F.BAHÇE, Avrupa kupalarında, ‘‘teslim bayrağını’’ çekti..
Vazgeçtik Şampiyonlar Ligi'nden, UEFA Kupası'nda bile yok.. ‘‘Andersen'den masallar’’ dinleye dinleye bu günlere geldik.. Sadece uyuduk, uyutulduk.. Bu futbolla, bu teknik yönetimle, bu anlayışla gelinecek yer de en fazla burasıydı zaten..

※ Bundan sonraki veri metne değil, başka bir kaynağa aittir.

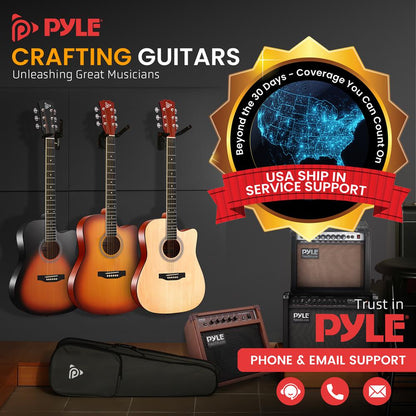 Acoustic Guitar Kit, Easy Play, Cutaway Design, Natural Glossy, 41"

Bir takım düşünün, sahaya sol dışta Yusuf'la çıkıyor. Oynayanda değil, oynatanda kabahat.. Yusuf bu fizik yapısıyla, defansif olmayan oyun karakteriyle sol dışta nasıl oynar? Önünde, aynı özelliklere sahip bir de Rapaiç var. Güler misin, ağlar mısın? Panathinaikos, F.Bahçe'nin koridor olan kanatlarını erken keşfediyor. Sağdan Seitaridis, soldan Fissas ile Karagounis'i bu koridorlara sokuyor. Hem de ne sokuş? Adamlar, sağdan soldan F.Bahçe savunmasını duman ediyor.

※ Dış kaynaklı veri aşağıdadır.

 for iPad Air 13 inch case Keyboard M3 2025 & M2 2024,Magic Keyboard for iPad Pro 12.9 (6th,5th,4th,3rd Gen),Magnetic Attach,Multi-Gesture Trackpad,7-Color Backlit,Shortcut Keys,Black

Ortadan Michaelsen, her pozisyonda F.Bahçe defansının arasına giriyor. Göbekte Johnson da yetersiz kalınca, bütün yük Fatih, Ümit, Ogün'den kurulu savunmaya biniyor. Geride ‘‘emniyet sübabı’’ olan ve bugüne dek F.Bahçe'yi hep kurtaran Rüştü de inanılmaz hatalarla 2 golü yiyince, sarı lacivertliler tam anlamıyla çöküyor. Rüştü, ilk golde topu elinden kaçırıyor ve Liberopoulos'a reddedilmez bir armağan sunuyor. 7 dakika sonra bu kez soldan atılan kornerde boşa çıkıyor ve Goumas kafayla filelerimizi 2. kez havalandırıyor. 45. dakikada Michaelsen'in harika şutunda yapacağı bir şey yok. Ama, ilk 2 goldeki büyük hataları Rüştü'ye hiç yakışmıyor.
Bu ayıp yeter mi?
F.Bahçe takımında şöyle dişe dokunur bir oyuncu var mı diye bakıyor, arıyor tarıyor, bulamıyorum.. Sanki, hepsinin üzerlerine ölü toprağı serpilmiş.. Kaybedecek bir şeyi kalmayan takım hiç olmazsa hücum eder, onu da beceremiyorlar.. Üstelik, 2. yarıda da baskılı oynayan, golleri kaçıran, 3 farkı yakalayan takım Panathinaikos.. Sanırsınız ki, elenecek olan, F.Bahçe değil de Yunan takımı.. Ortega, Rapaiç, Serhat, Steviç, Johnson hiçbir şey oynamıyor.. Dama taşı gibi oynatılan Tuncay'ı bunların dışında tutuyorum. Adamı bir sağda, bir solda adeta sarhoş ettiler. İlk 11'de oynaması gereken Ceyhun, Yusuf'un dökülmesi üzerine ancak 39. dakikada, iş işten geçtikten sonra oyuna alınıyor..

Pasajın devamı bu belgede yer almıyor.